Jacques Anquetil is considered the best time trial cyclist ever. He owes this honorary title for a great deal to his five victories in the Tour de France, which makes him record holder with Eddy Merckx, Bernard Hinault and Miguel Indurain. He was nicknamed Monsieur Chrono because of his steady, reliable friendship with the clock.

At a very young age already Anquetil proved to be an excellent cyclist. As a nineteen-year-old amateur he easily won the Grand Prix des Nations, a famous classic among time trial races in France. Looking back it was no surprise that young Jacques beat Fausto Coppi's then fourteen-year-old world hour record in 1956. One year later Anquetil debuted in the Tour de France and won it on this first attempt. He was far from an excellent climber, but always managed to keep the specialists in sight and consequently beat them by minutes in the time trials.

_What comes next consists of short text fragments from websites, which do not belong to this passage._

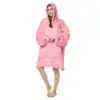 Poncho plaid rose avec capuche et poches, idéal pour se détendre.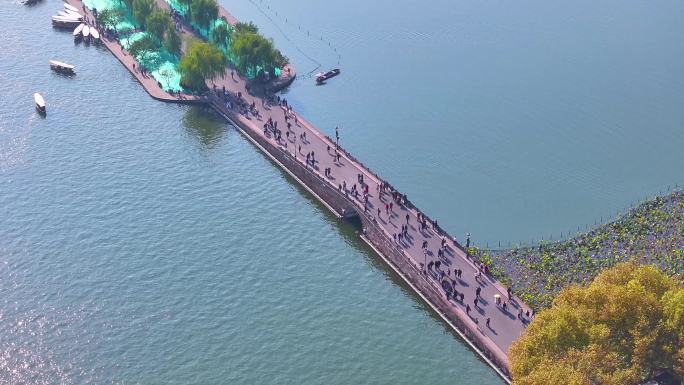 浙江杭州西湖景区断桥残雪风景风光航拍人流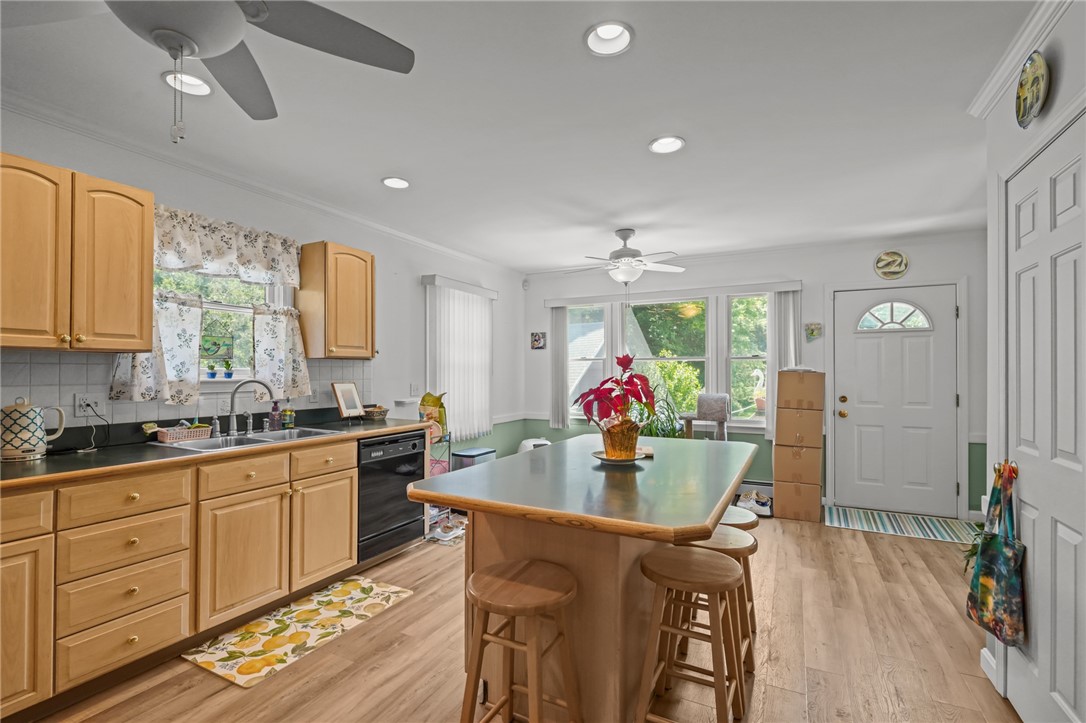 112 County Road Barrington, RI 02806 - Photo 11 of 44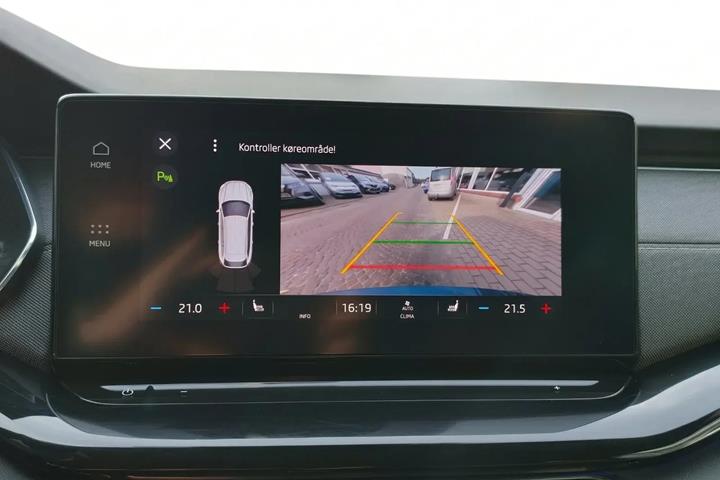 Blå Skoda Octavia fra 2021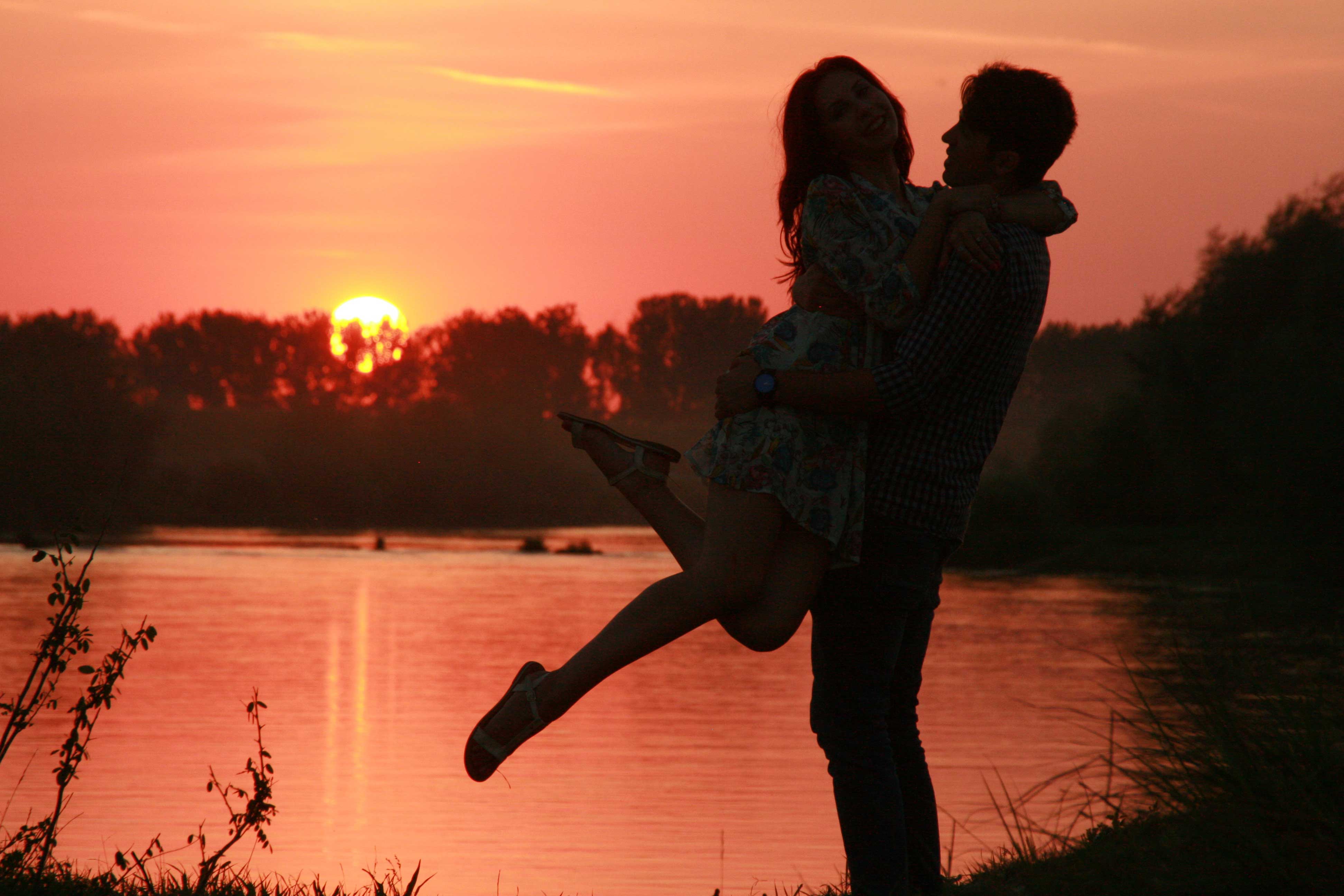 15+ Pictures of Love couples at Sunset, couple Sunset Wallpapers
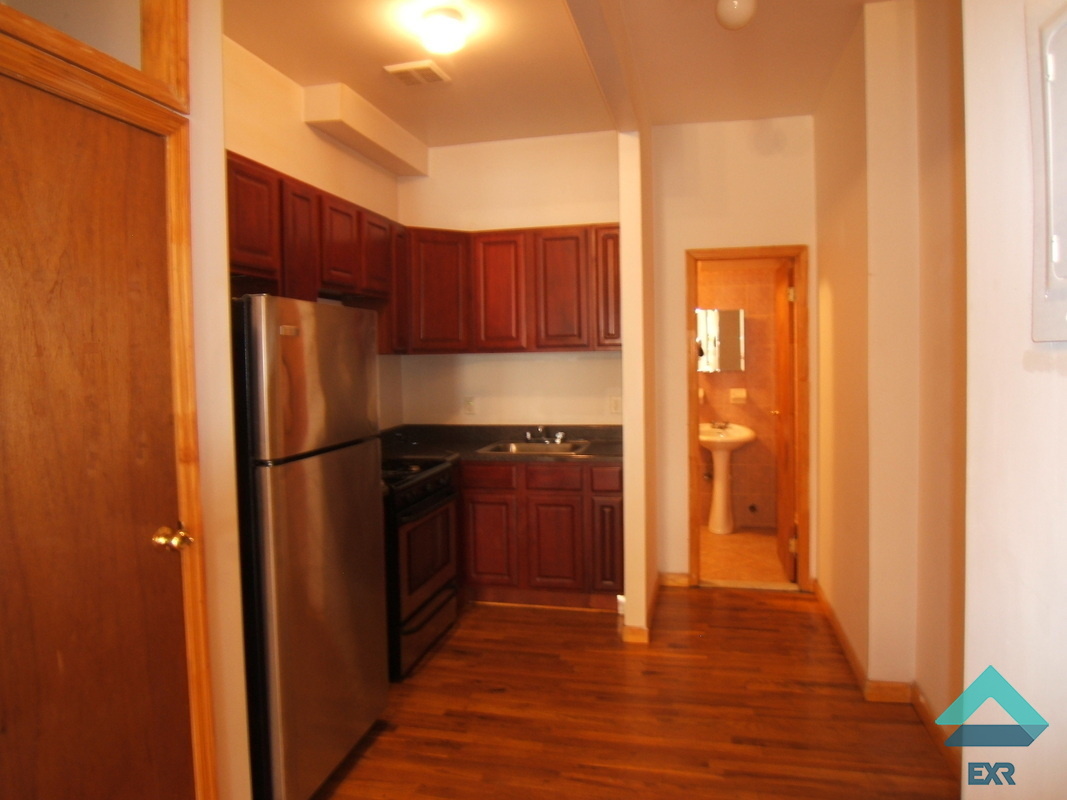 Primary Photo - 1064 Myrtle Ave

In his top years the Tour organisation were accused of adapting the entire race to the fellow Frenchman's abilities: less and lower mountains, more and longer time trials. But that should not overshadow his huge qualities as a cyclist. Not only did was he the first to win the Tour on five occasions (wearing the yellow jersey 51 times), but he also tasted victory twice in the Giro d'Italia, once in the Vuelta a España, five times in Paris-Nice and twice in the Dauphiné Liberé.

Legendary is the battle that Anquetil and his rival Raymond Poulidor had on the Puy de Dôme in 1964's Tour de France. Fourty eight hours before the finish in Paris, Poulidor managed to exhaust Anquetil by breaking away constantly. On the top Anquetil had only fourteen seconds left of his formerly comfortable lead. Thanks to his ability to suffer immensely, he also won that year's Tour. But in this supernatural physique there was a man who loved to spend the night with champagne and women.

The audience wasn't always too fond of Jacques Anquetil. He was a defensive calculator, especially in the mountain areas, whereas the average supporter liked impulsive attackers who played an all-or-nothing game. But all Anquetil wanted in the mountains was to prevent his opponents to get too big a lead. No more, no less. Whereas he was much more successful than his eternal opponent Poulidor, he could never match his popularity.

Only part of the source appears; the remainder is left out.